• [Exercise aim]
When you reach the line with "iPhone Charger - 3" in the records below, begin transcribing exactly and continue up to and including the line with "vidaXL Κρεβάτι με", leaving out every picture.

• [Dataset records]
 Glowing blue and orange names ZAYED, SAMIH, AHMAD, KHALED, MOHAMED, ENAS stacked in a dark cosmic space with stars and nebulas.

--

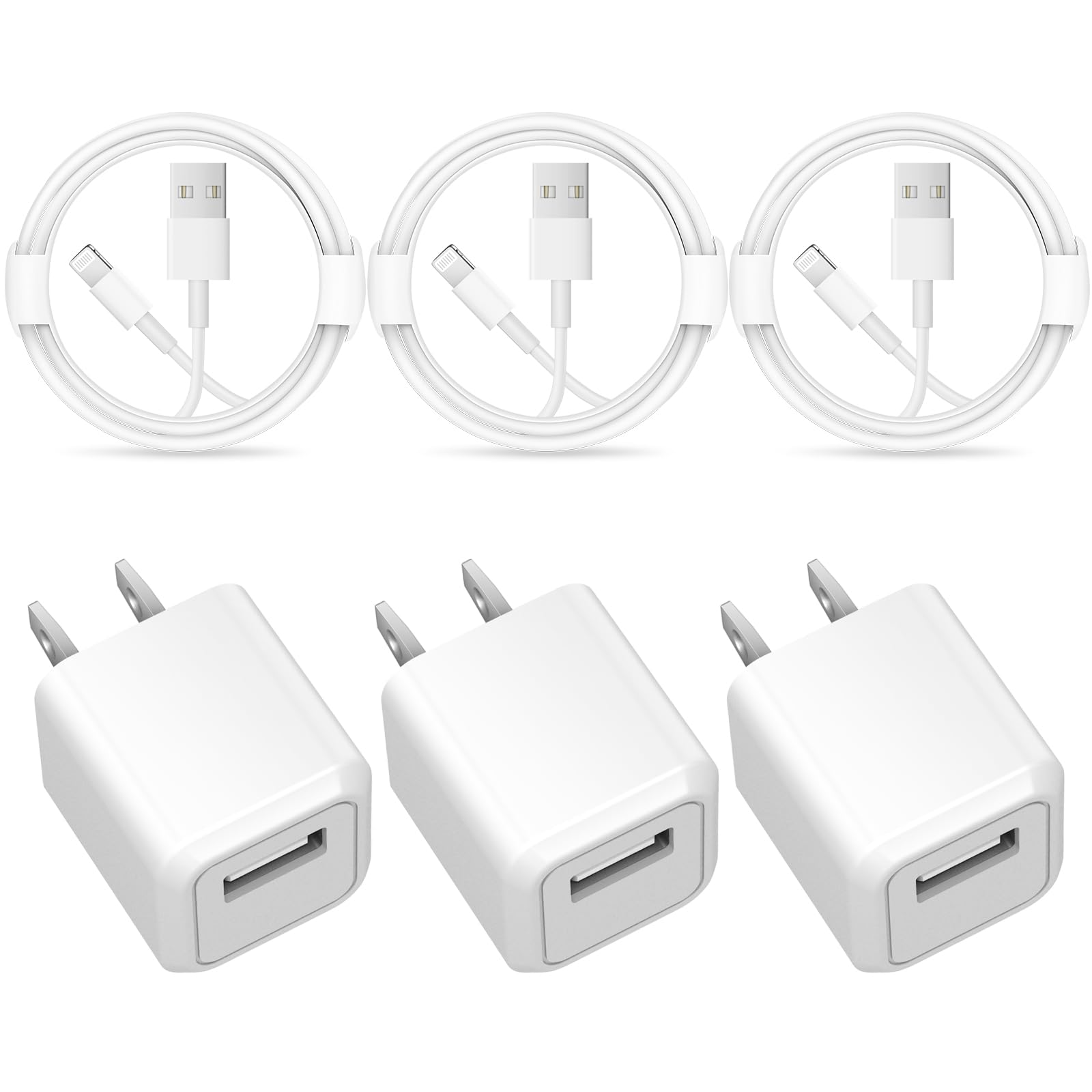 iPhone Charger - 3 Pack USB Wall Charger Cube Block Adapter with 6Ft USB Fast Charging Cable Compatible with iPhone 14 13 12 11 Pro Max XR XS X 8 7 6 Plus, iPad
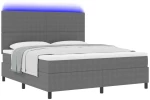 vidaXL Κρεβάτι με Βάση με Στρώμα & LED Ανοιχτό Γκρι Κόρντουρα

• [Problem solution]
 iPhone Charger - 3 Pack USB Wall Charger Cube Block Adapter with 6Ft USB Fast Charging Cable Compatible with iPhone 14 13 12 11 Pro Max XR XS X 8 7 6 Plus, iPad
 vidaXL Κρεβάτι με Βάση με Στρώμα & LED Ανοιχτό Γκρι Κόρντουρα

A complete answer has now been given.